### Assigned task
Will you output all of the data below exactly, omitting the images?

### Collected material

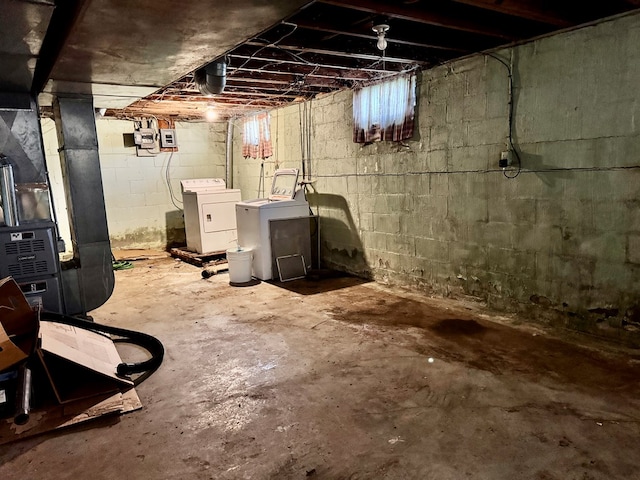 729 Keen Ave, Ashland, OH 44805 - unfinished basement with washing machine and clothes dryer and heating unit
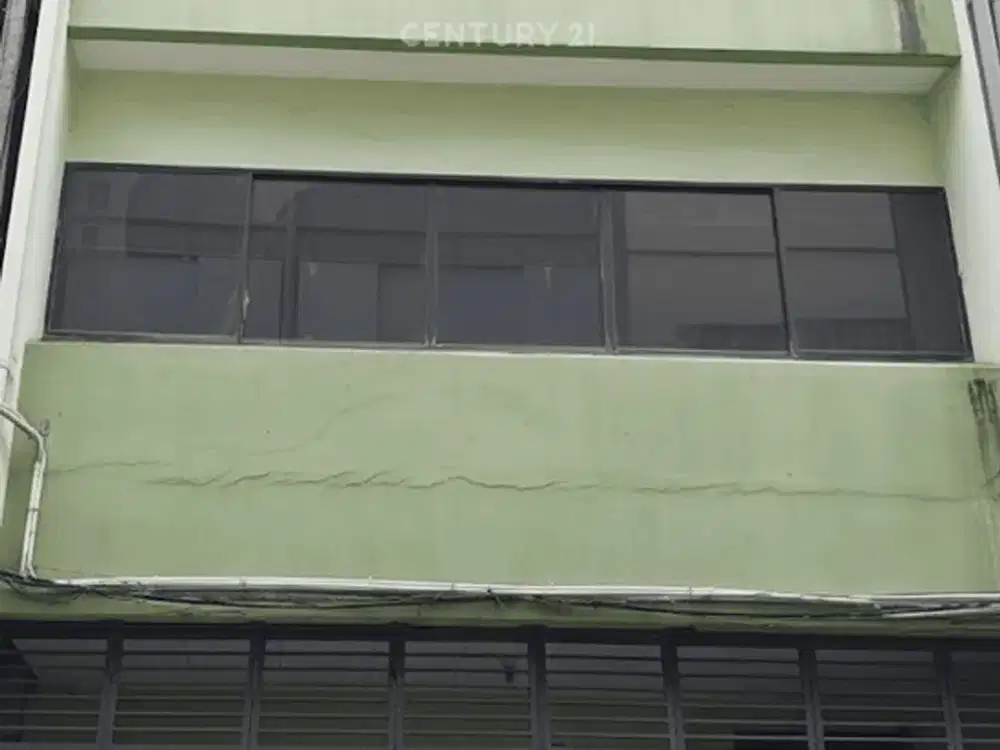 Ruko  Empat Lantai  Area Bisnis Di  Pinangsia Jakarta Barat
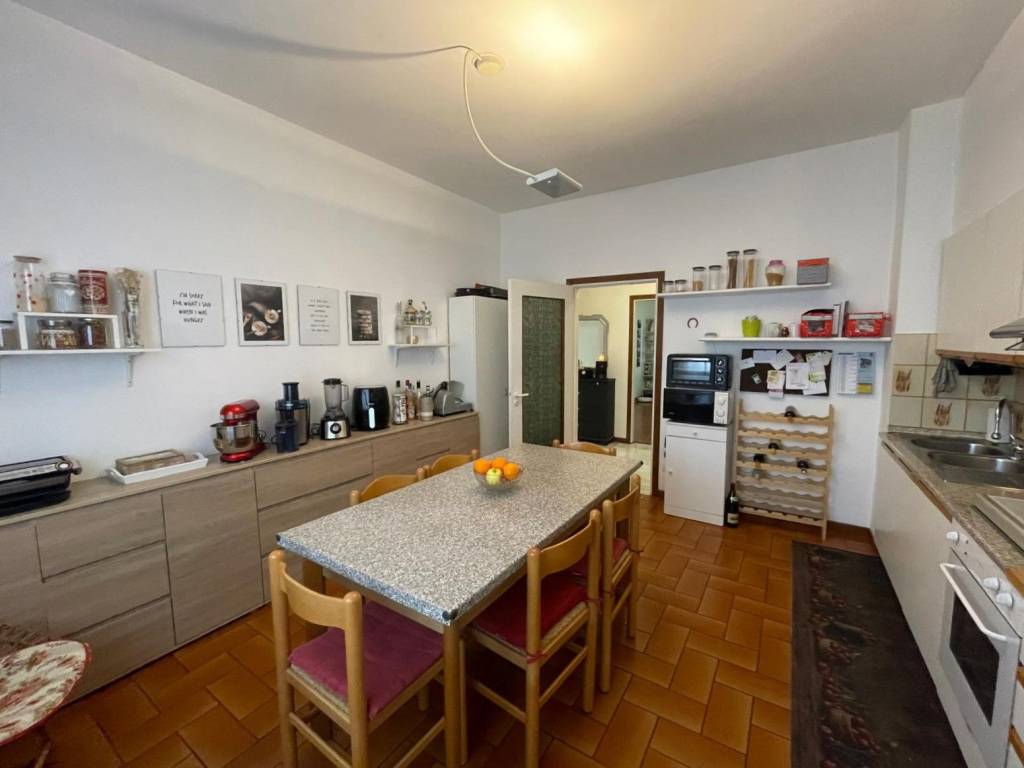 Appartamento a Carbonate in Via Fabio Filzi, 11 - Foto 4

### Response
 729 Keen Ave, Ashland, OH 44805 - unfinished basement with washing machine and clothes dryer and heating unit
 Ruko  Empat Lantai  Area Bisnis Di  Pinangsia Jakarta Barat
 Appartamento a Carbonate in Via Fabio Filzi, 11 - Foto 4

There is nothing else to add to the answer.